Outside law, I like gardening (and yes I know that’s boring), don’t go to see enough live music, hate public transport, would love to get a dog but don’t have enough time, have an amazing wife and try to write things for a blog around the edges of the day. I would love to start a business at some stage of my life.
What made you decide to study law?
I worked in a different industry for a few years, and overall, I enjoyed it. The work was interesting, my colleagues were all very smart and driven people – I made some great friends there.
Unfortunately, I just wasn’t passionate enough about the work, and it was the kind of industry where only passionate people could survive. After a year or two of thinking about it, I applied to study law.
I chose law because of the big picture reasons – law affects every single part of our society. I liked the idea that we have created this framework which everyone has to abide by. Laws are there in almost every single interaction we have every single day.
For example, I walk from uni to the pub, and I know that cars will stop at red lights (usually – criminal law) so that I can safely fetch a beer. I buy a beer from the bartender (contract law) and go meet my friends. The barkeep is presumably employed by someone (employment law) and that someone is likely to be a company (corporations law). The shareholders of the company would have structured the arrangement in a way to limit their liability in case I fall on the way out and sue them (negligence). And it goes on – did the company buy the property, or is it leased (property law)? What kind of insurance does it have, and are its liquor licences up to date?

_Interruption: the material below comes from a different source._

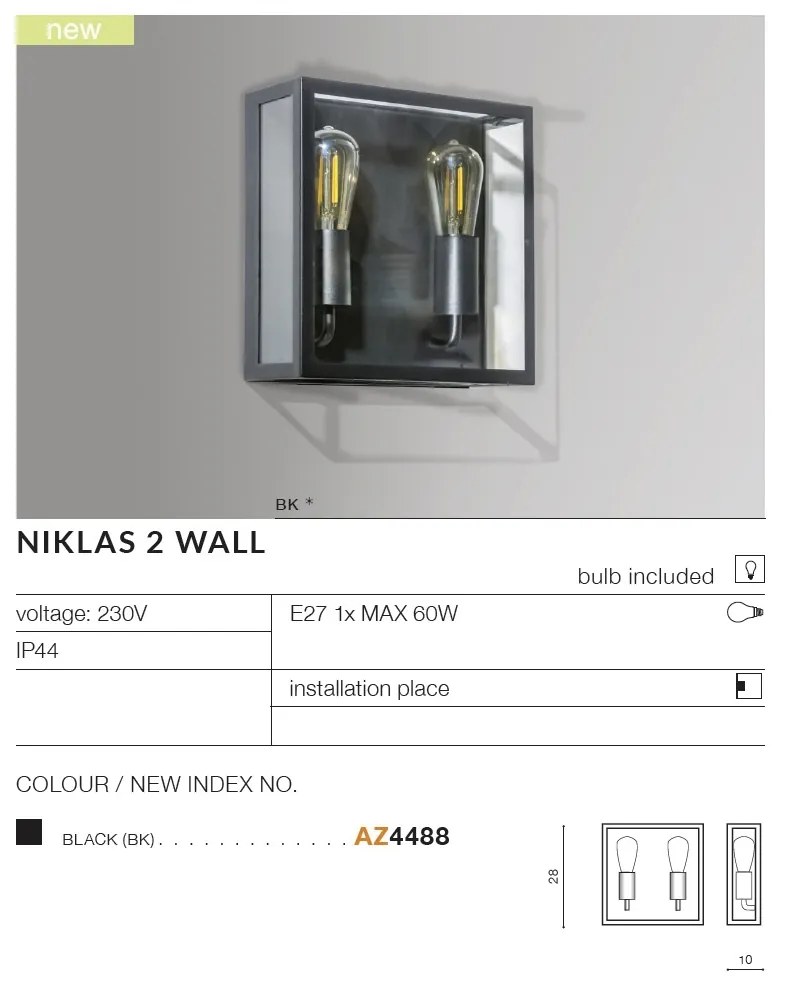 Aplica de perete exterior IP44 NIKLAS 2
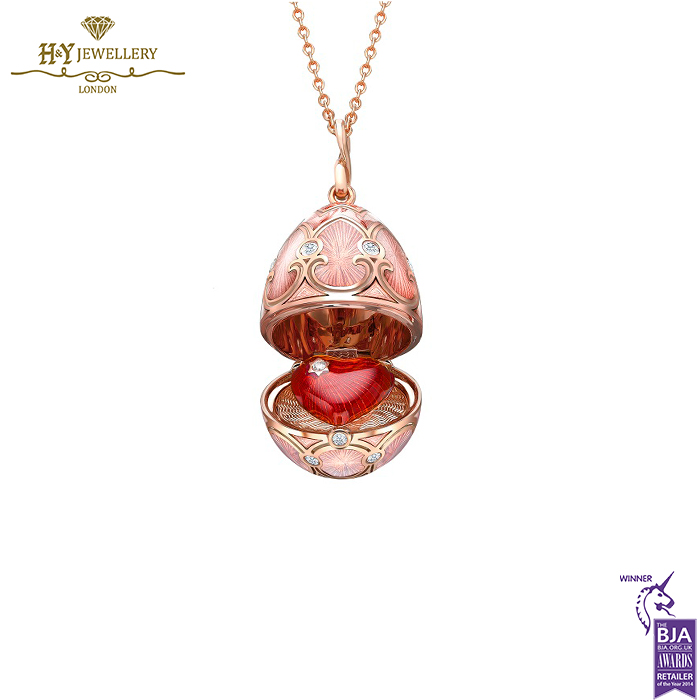 Fabergé Heritage Rose Gold Diamond & Pink Guilloché Enamel Heart Surprise Locket -0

Are you still happy you decided to study law? What was the most enjoyable part?
Absolutely, and finishing my degree and being able to practice has been the most enjoyable part.

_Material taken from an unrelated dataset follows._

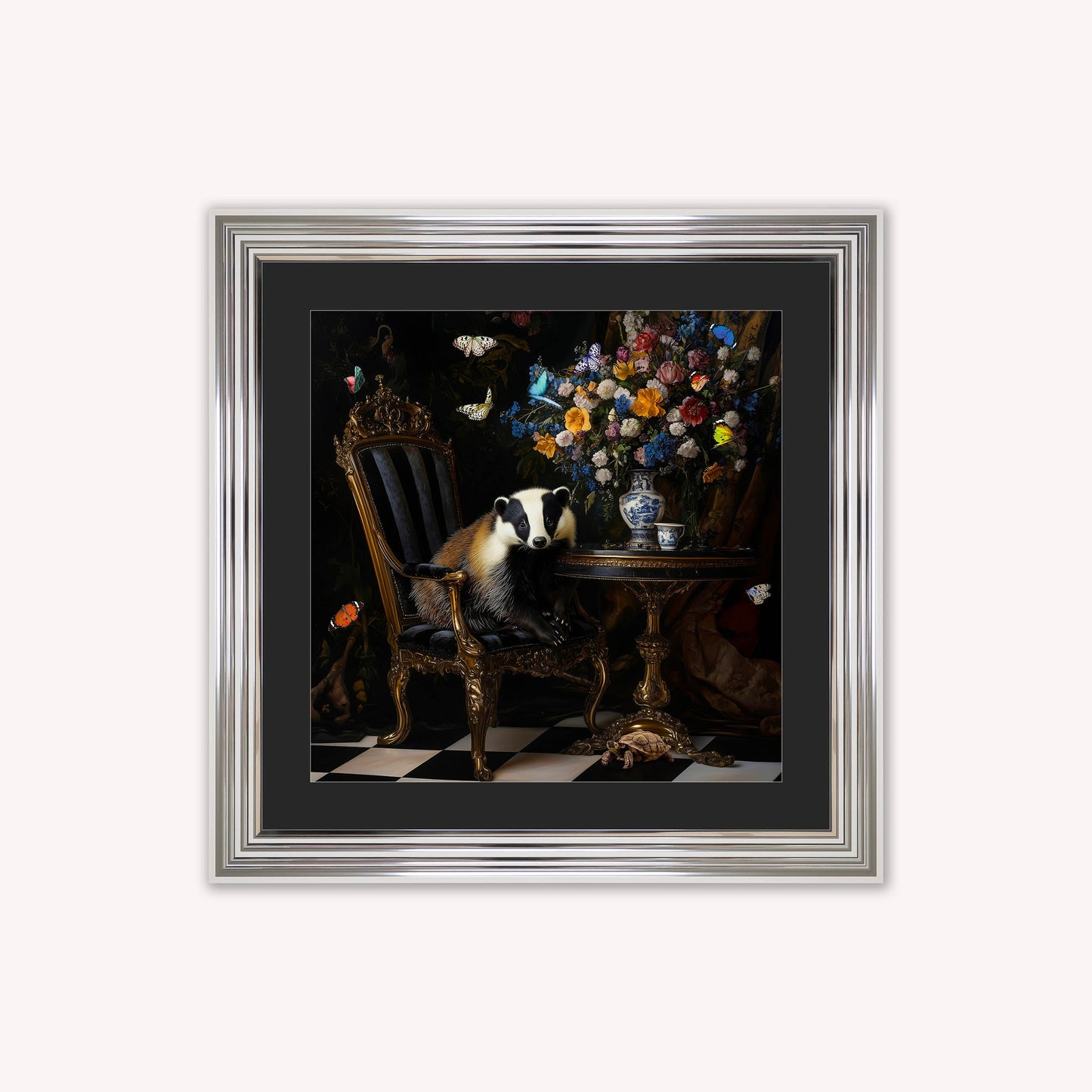 Curiosity Badger at the Stately Home with Black Mount Framed Wall Art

We all hate something about law school! What didn’t you like about it?
This could turn into a pretty long list, but I’ll do my best… The thing that I hated the most was the hard work coupled with the uncertainty of employment at the end. Law wasn’t conceptually difficult, like I imagine philosophy or some theoretical mathematical courses would be – but it was just relentless. It was always there. In the morning when I woke up, when I had a coffee break, almost every moment of the day. No matter how hard I worked, I was always behind in my readings and I always had essays to write.
And all I heard from anyone is how hard it was to get a job, so I just had to work on the hope that things would work out. That’s really hard to do for three years straight.

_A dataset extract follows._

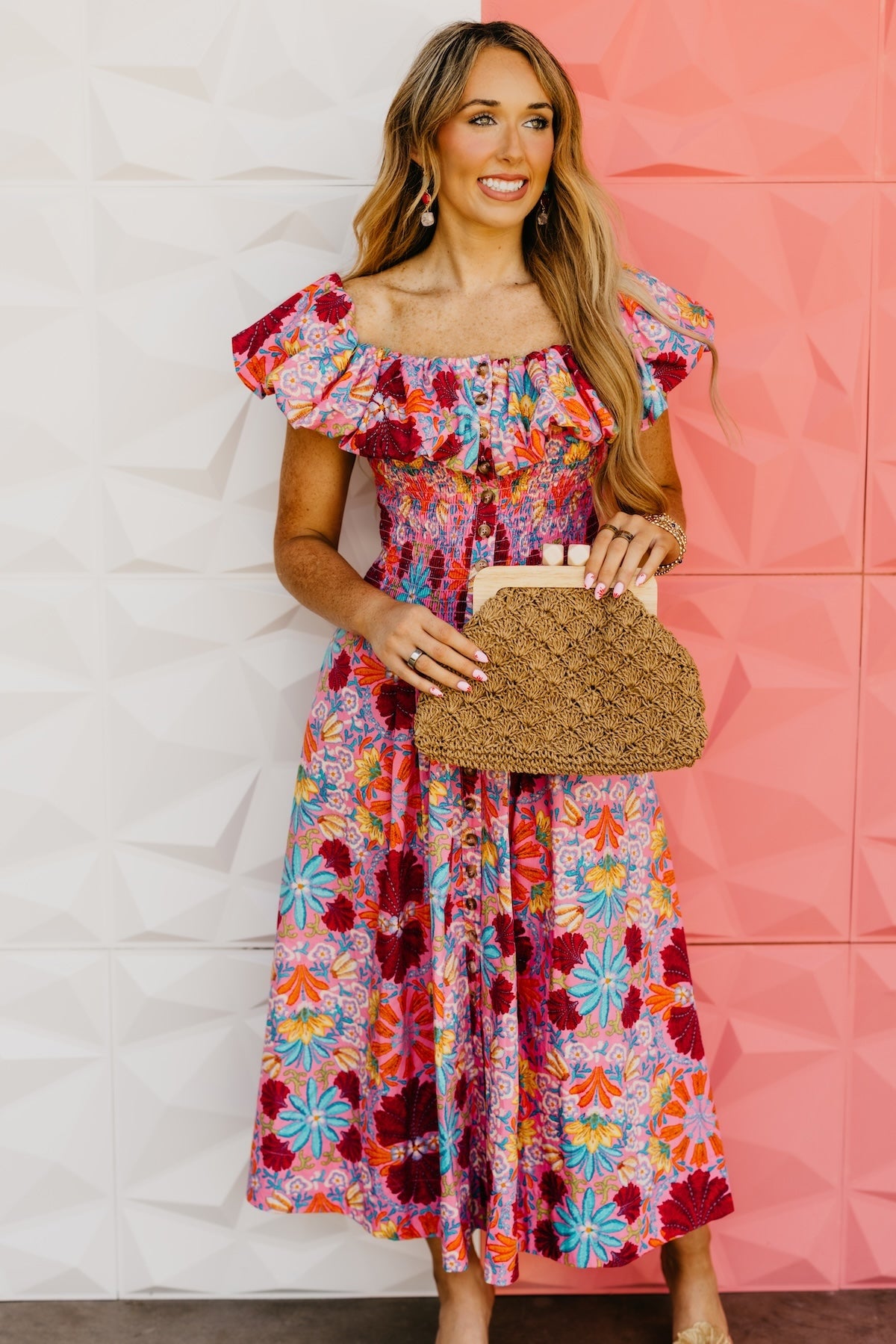 The Aden Floral Smocked Midi Dress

What was your normal study routine?
On the days I didn’t work, I would spend most of the day at lectures and studying. That would be 2 or 3 days a week – I tried to treat it like a full time job. I tried not to study too much when I got back home on these days unless I had something like an essay due.
On the days I did work, I got to work at 7am and studied until 9am. If I had an essay or exams due, I would finish work, go home, eat dinner and watch a tv show, and then put a few more hours in at night. If I got to bed before 12am I would have been celebrating.
I tried to keep the weekends free to relax and refresh, but I’d put in a few hours in during the morning if I really needed to.
It always seemed like I was studying a lot, but then I think I’m much slower than most people!
What else did you do doing during university?
I worked 2 or 3 days a week, volunteered a day a week at a community legal centre during my second year, joined a few committees for networking reasons, did a bit of mentoring for new law students, lined up a few two week volunteer stints at firms (to test things out and also for networking), and studied.
Where did you want to work when you were studying, and what are you doing now?
When I started I had absolutely no idea. I just knew that I liked the idea of law. It wasn’t until half way through my degree that I realised that I wanted to work in a corporate law firm, which is where I am now.
If you had one piece of advice for current students, what would it be?
I can’t remember who told me this, or if I read it somewhere, but I heard a story ages ago which has always stuck in my mind, and which current students might find encouraging,
There were two people, and one of them had it all; they had risen to a respected position in their industry, had a beautiful house, nice car, and managed to have all those small unique things that the second person always wanted (and in my mind the person was really humble, despite their obvious consumerist tendencies).
Anyway, they were talking (they didn’t have a particularly close relationship, but were generally friendly), and the second person said “wow, you’re really lucky to be where you are”. The first person smiled and nodded, and said, “you know, I’ve always found that the harder I’ve worked, the luckier I’ve been”.
I think that kind of optimism that hard work will pay off is what got me through law school.
Any final words?
Just work hard, and keep your mind open to different opportunities. Always be kind to everyone – the legal industry is pretty small. If you haven’t figured it out already, lawyers are really nice, so reach out and ask someone if they have time for a coffee. I promise that you will be surprised with how many people say yes (all lawyers always have time for coffee)!
And finally, no one is going to ask or do anything to get you to where you want to be – you have to do that yourself.